Caption-style text data:
- Opening Delimiter -

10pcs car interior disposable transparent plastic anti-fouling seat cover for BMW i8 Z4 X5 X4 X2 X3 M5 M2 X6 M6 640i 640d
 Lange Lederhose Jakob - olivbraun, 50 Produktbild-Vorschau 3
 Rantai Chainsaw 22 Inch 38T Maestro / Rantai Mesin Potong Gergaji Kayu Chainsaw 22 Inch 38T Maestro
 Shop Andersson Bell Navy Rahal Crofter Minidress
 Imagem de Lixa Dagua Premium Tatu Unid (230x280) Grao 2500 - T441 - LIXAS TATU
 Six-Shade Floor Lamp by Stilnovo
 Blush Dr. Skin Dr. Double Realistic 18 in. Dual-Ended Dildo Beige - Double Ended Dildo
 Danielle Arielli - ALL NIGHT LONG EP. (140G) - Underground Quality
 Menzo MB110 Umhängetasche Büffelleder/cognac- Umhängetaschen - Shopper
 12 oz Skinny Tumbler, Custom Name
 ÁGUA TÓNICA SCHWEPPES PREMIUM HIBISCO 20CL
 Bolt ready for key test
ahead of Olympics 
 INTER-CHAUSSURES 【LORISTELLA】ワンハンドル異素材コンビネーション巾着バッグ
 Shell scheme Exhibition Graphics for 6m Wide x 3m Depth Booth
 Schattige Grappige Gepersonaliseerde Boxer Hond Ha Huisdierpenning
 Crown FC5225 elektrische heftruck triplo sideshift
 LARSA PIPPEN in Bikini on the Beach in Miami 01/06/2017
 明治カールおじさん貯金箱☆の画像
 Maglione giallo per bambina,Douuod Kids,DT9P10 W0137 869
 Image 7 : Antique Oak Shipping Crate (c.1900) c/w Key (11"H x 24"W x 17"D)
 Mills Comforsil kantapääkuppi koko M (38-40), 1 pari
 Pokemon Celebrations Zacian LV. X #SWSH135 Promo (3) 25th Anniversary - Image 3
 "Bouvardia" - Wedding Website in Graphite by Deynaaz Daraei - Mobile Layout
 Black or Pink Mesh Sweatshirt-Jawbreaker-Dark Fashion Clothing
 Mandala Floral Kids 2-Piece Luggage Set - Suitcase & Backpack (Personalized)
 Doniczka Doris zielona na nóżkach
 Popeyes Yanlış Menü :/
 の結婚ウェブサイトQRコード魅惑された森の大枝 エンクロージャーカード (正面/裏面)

- Closing Delimiter -

■ **EXERCISE OBJECTIVE**
Provide the number of lines in the preceding entries that include the string "Kids", with no other words.

■ **RESULT OF THIS TASK**
2